Instrument Flight 6

Today started with yet another DME hold, this time on the ABQ 310 radial at 12 DME. My entry was pretty good, but I took far too many laps to get on the radial. Good news is that i stayed in the protected airspace the entire time, so at least it wouldn’t have been a total bust. For the holds and then most of the maneuvering today, I had much better control over the plane (maintaining altitude and heading) than I have in the past couple of weeks. My scan is also drastically improving, giving me time to look at other things (like the checklists and the MFD with the moving map / traffic). I’m starting to get comfortable with that part of flying, which is reassuring.

We then did partial panel unusual attitude recovery, where the instructor puts the plane in a non-straight-and-level attitude that’s moving towards something really bad happening (diving or stalling usually) and student then gets to recover into straight and level. These are a total pain in the butt with steam gauges, because the partial panel is usually an attitude indicator loss. The G1000, however, is the primary AI, backed up by a vacuum AI, so you always have an AI that works (or are about to die, but that’s another story). Nose high recovery was fine, but on nose low (a dive), I always wanted to pull up on the nose before leveling the wings, as one doesn’t like diving towards the ground. But this is not good, because it adds stress to the wings and if you are diving, you want to keep as much stress off the wings as possible.

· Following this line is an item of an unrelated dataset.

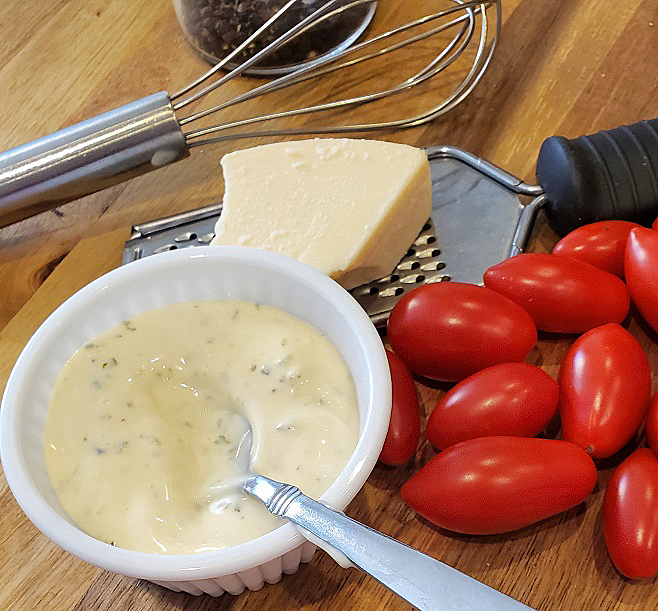 Parmesan Italian cream dressing homemade using a whisk and simple pantry ingredients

Stalls weren’t too bad, but it’s hard to get used to the thought of using rudder to level the AI, because that’s just not how you usually do it. Yet somehow, this doesn’t bother me when I’m doing VFR stalls. I suppose it’s just like VFR stalls — you get used to it and everything is second nature.

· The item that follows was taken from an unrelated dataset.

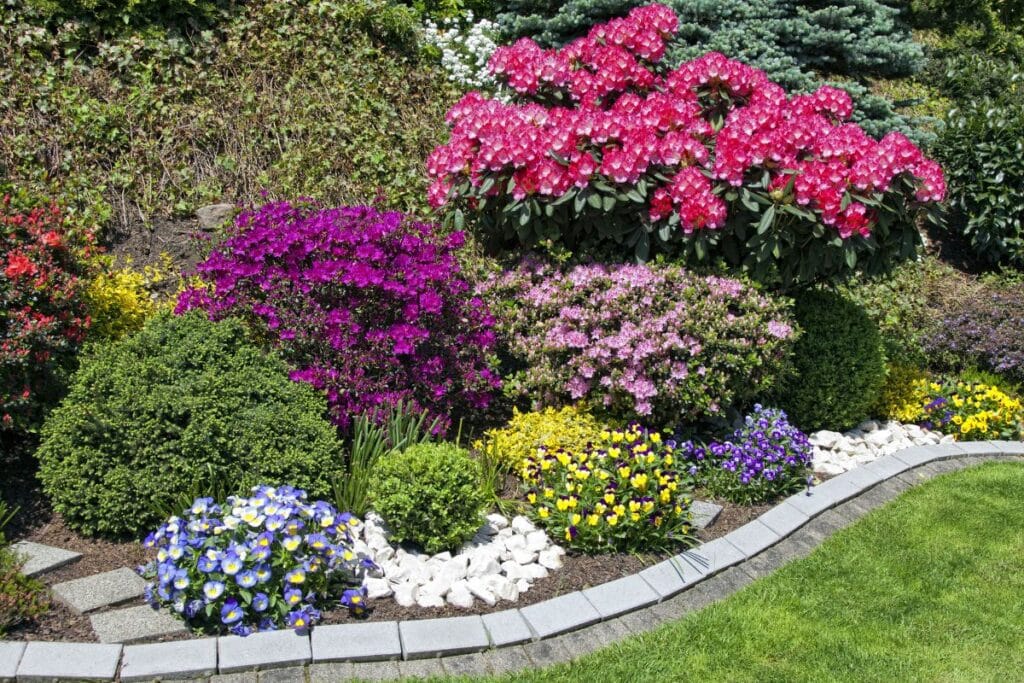 A vibrant garden bordered by grey bricks, featuring blooming pink, purple, yellow, and blue flowers, lush green shrubs, and a neatly trimmed garden lawn in the foreground.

We then repeated the entire thing, this time using the G1000 instead of the backup indicators. The stalls were a little easier than on the partial panel because it includes an inclinometer (aka, the ball) which tells you whether you are in coordinated flight or not. For some reason beyond comprehension, while most backup attitude indicators include an inclinometer, the one on the G1000 does not. So you just kind of guess to keep coordinated flight, which is a little difficult for unusual attitudes.

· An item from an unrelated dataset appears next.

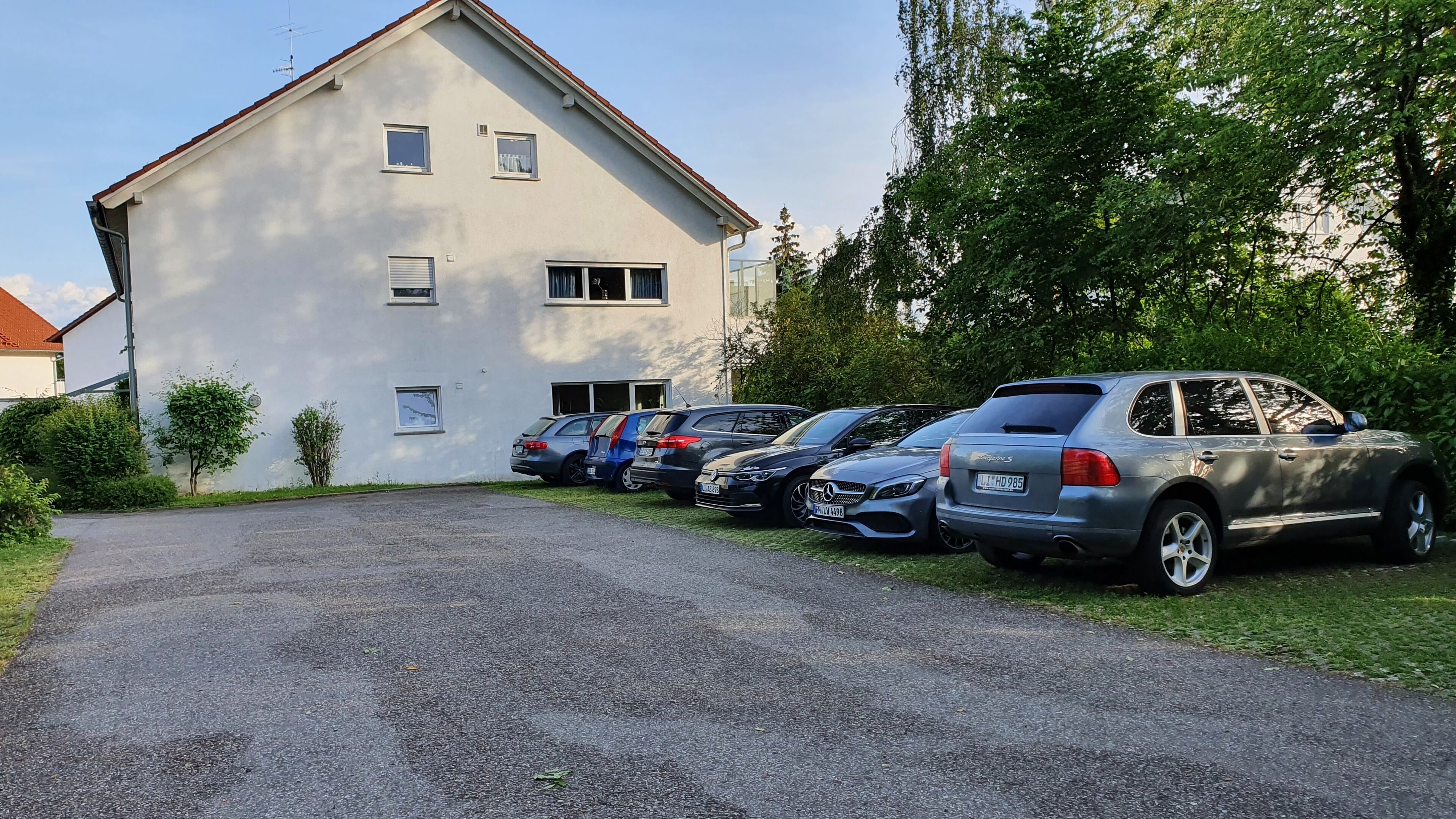 Ein Gebäude mit mehreren Fenstern und einem Parkplatz mit einigen Autos.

Practiced some more steep turns — still having trouble with those, need another flight to get where I need to be with those.

Due to time, we then ended with a standard VFR approach. The pattern was a bit busy and we were short on time. Made a better than usual approach, but still a little high on final. Had a much better sight lines through the flare and had a better feeling for my height. Still bounced it a bit because I came across the threshold too fast, but I’m slowly converging on something that doesn’t suck.